Image-text web data
────────────────
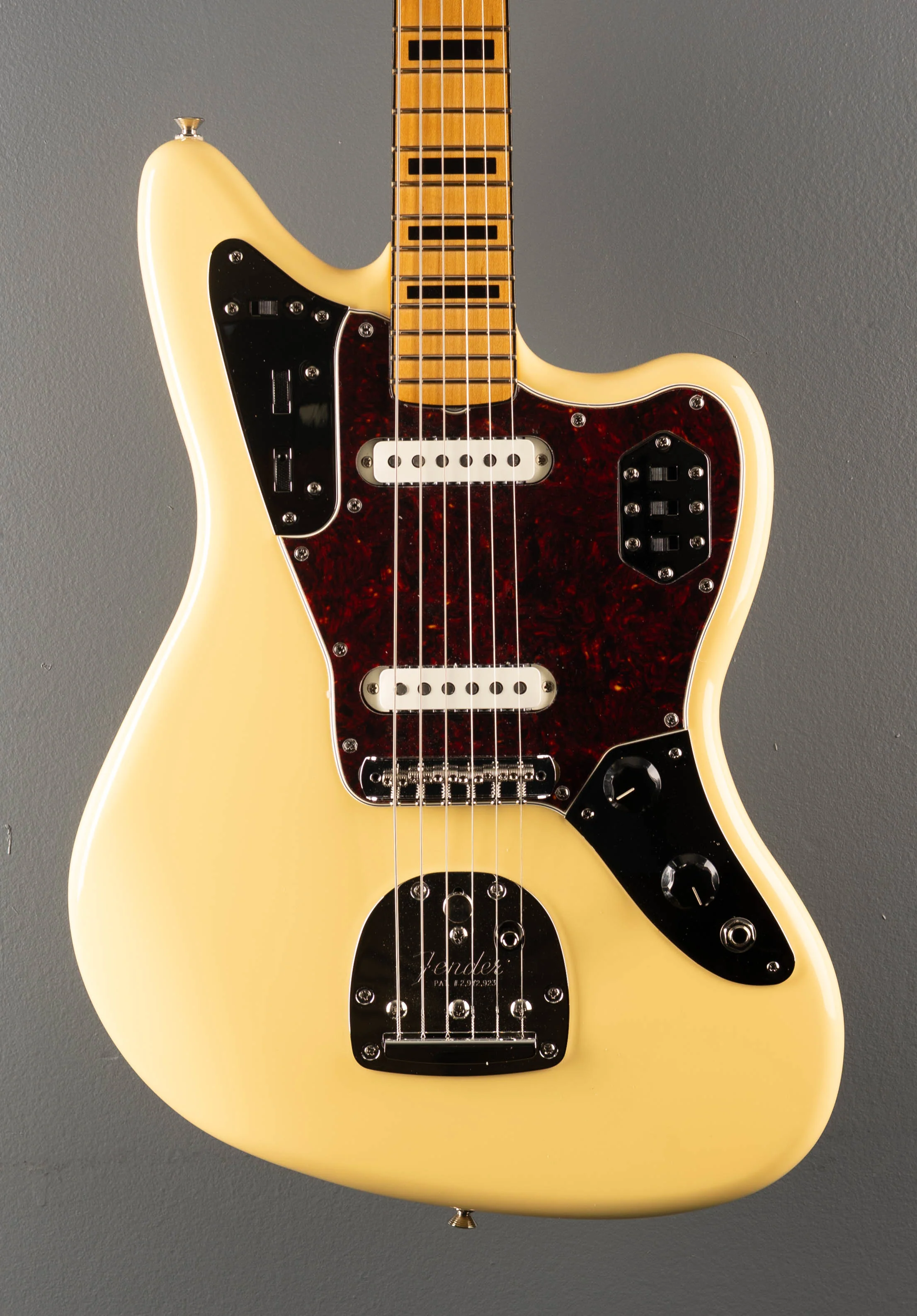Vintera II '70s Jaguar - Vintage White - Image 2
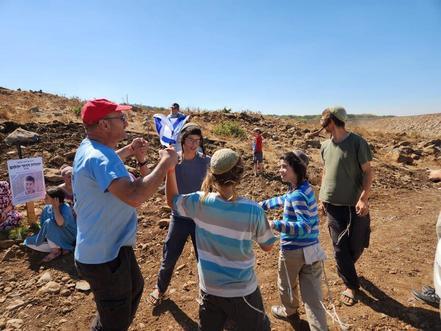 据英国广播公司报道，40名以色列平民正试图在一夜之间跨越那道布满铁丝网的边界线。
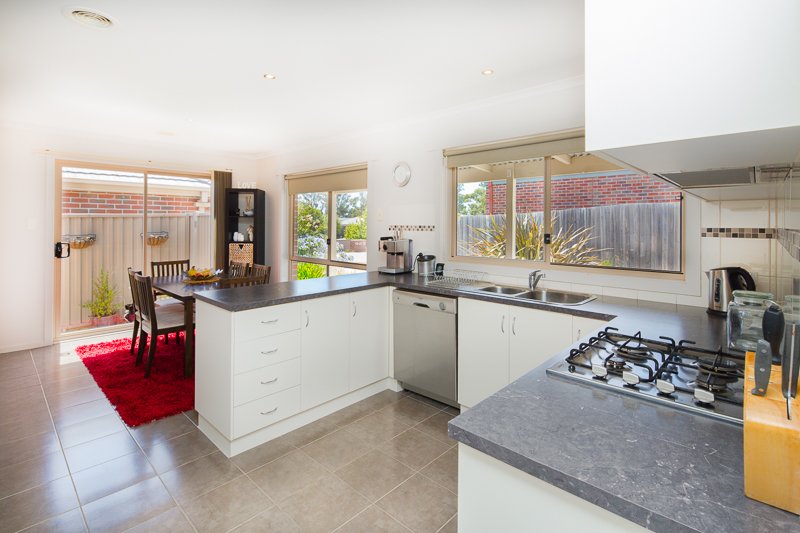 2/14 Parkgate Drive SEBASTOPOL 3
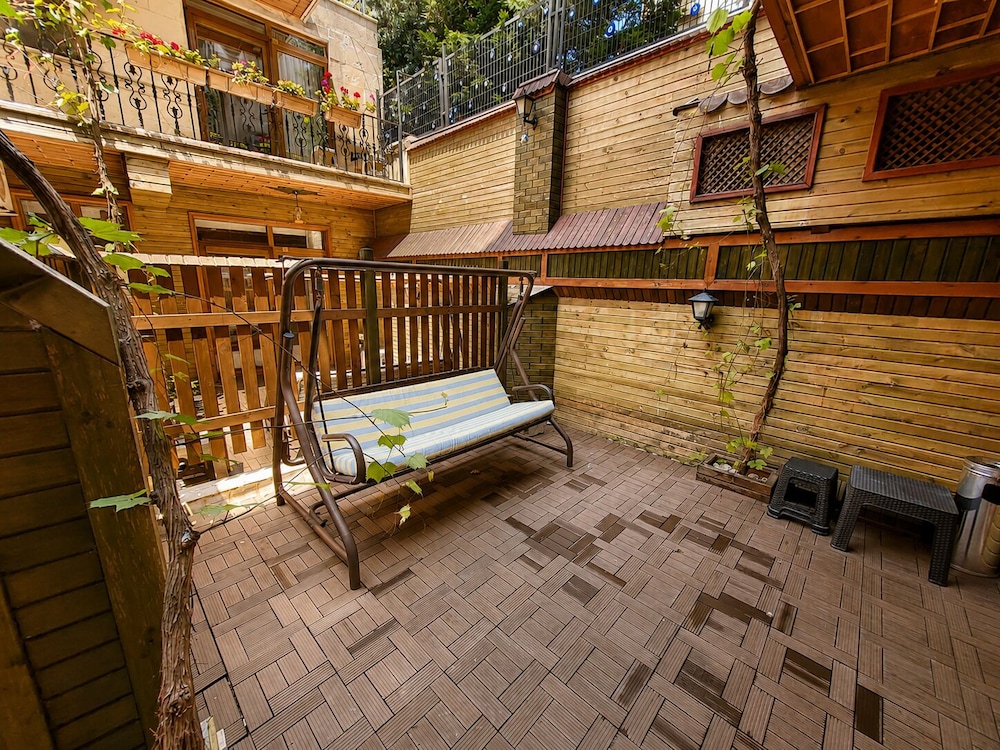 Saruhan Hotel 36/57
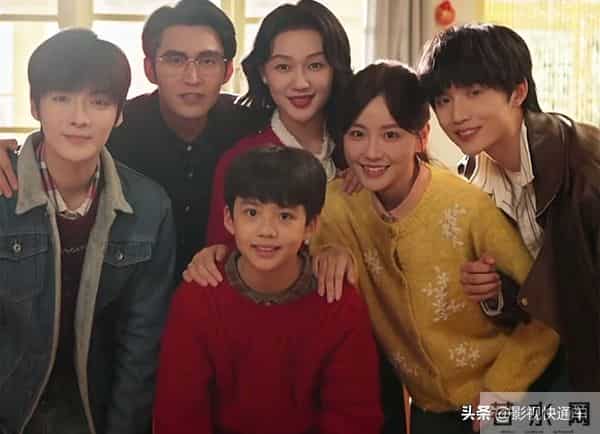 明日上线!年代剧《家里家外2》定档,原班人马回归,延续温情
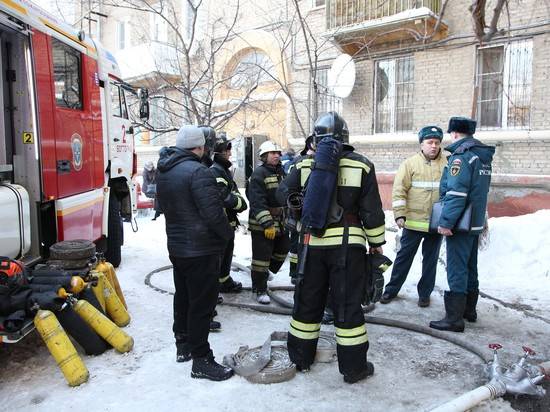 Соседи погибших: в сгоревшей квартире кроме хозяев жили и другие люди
────────────────
_ASSIGNMENT_
Please set down the records above verbatim, with each picture left out.

_RESULT_
Vintera II '70s Jaguar - Vintage White - Image 2
 据英国广播公司报道，40名以色列平民正试图在一夜之间跨越那道布满铁丝网的边界线。
 2/14 Parkgate Drive SEBASTOPOL 3
 Saruhan Hotel 36/57
 明日上线!年代剧《家里家外2》定档,原班人马回归,延续温情
 Соседи погибших: в сгоревшей квартире кроме хозяев жили и другие люди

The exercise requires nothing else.